Short text fragments from websites:

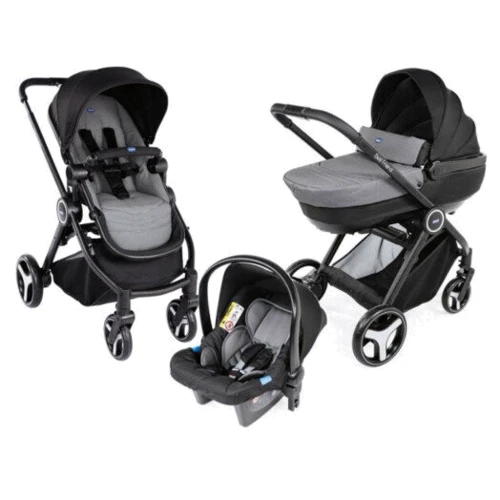Универсальная коляска 3 в 1 Chicco Trio Best Friend, цвет 85 (79420.85)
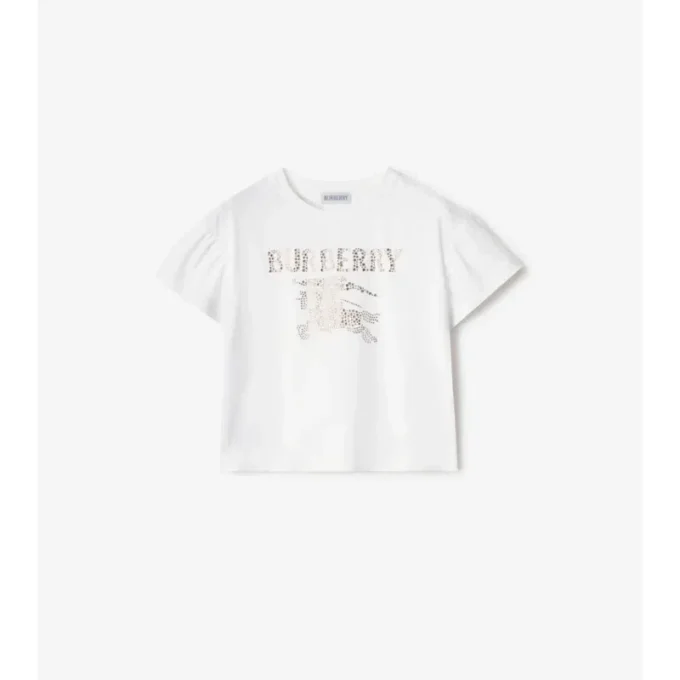 Bawełniany T-shirt Crystal EKD Bawełniany T-shirt Crystal EKD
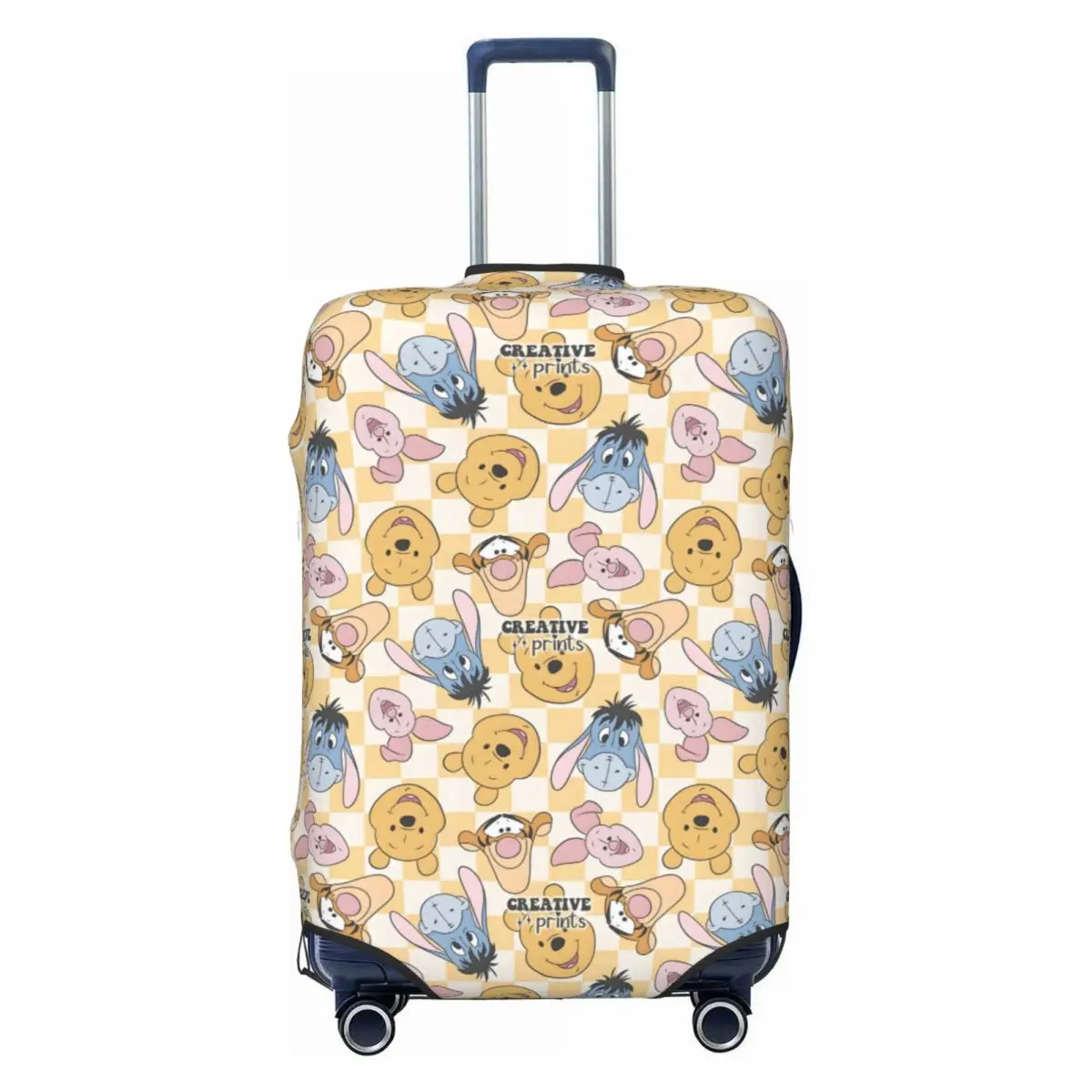 Custom Winnie Pooh Yellow Bear Travel Luggage Cover Elastic Kawaii Cartoon Suitcase Cover Protector Fit 18-32 Inch
Custom Winnie Pooh Yellow Bear Travel Luggage Cover Elastic Kawaii Cartoon Suitcase Cover Protector Fit 18-32 Inch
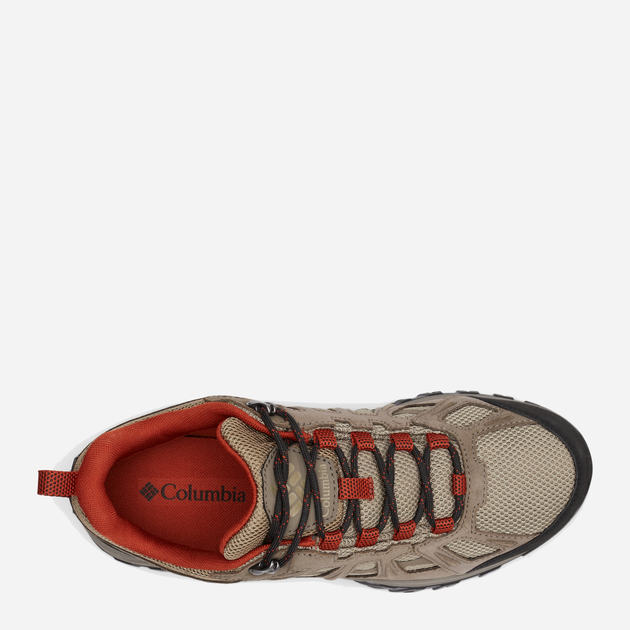 Buty sportowe męskie Columbia Redmond III Waterproof 1940591229 41 (8US) Brązowy/Beżowy (195981566260) - obraz 8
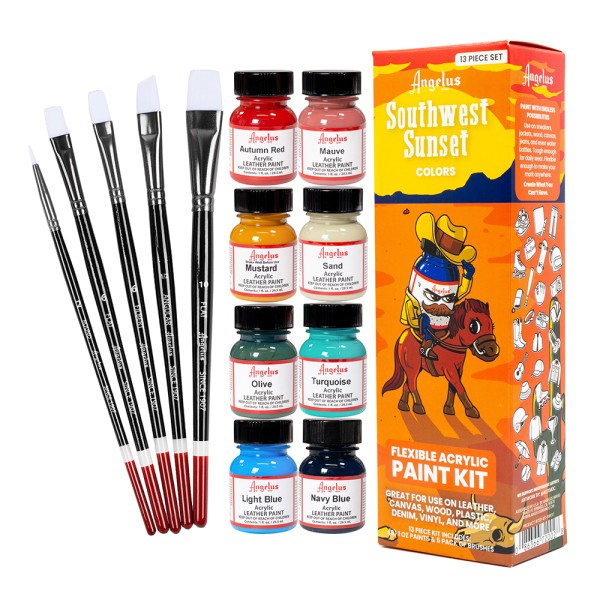 Angelus Special Paint Kit - Southwest Sunset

> [Directions for this task]
The reply must hold every line above exactly as written and none of the pictures.

> [Solution for this problem]
Универсальная коляска 3 в 1 Chicco Trio Best Friend, цвет 85 (79420.85)
 Bawełniany T-shirt Crystal EKD Bawełniany T-shirt Crystal EKD
 Custom Winnie Pooh Yellow Bear Travel Luggage Cover Elastic Kawaii Cartoon Suitcase Cover Protector Fit 18-32 Inch
Custom Winnie Pooh Yellow Bear Travel Luggage Cover Elastic Kawaii Cartoon Suitcase Cover Protector Fit 18-32 Inch
 Buty sportowe męskie Columbia Redmond III Waterproof 1940591229 41 (8US) Brązowy/Beżowy (195981566260) - obraz 8
 Angelus Special Paint Kit - Southwest Sunset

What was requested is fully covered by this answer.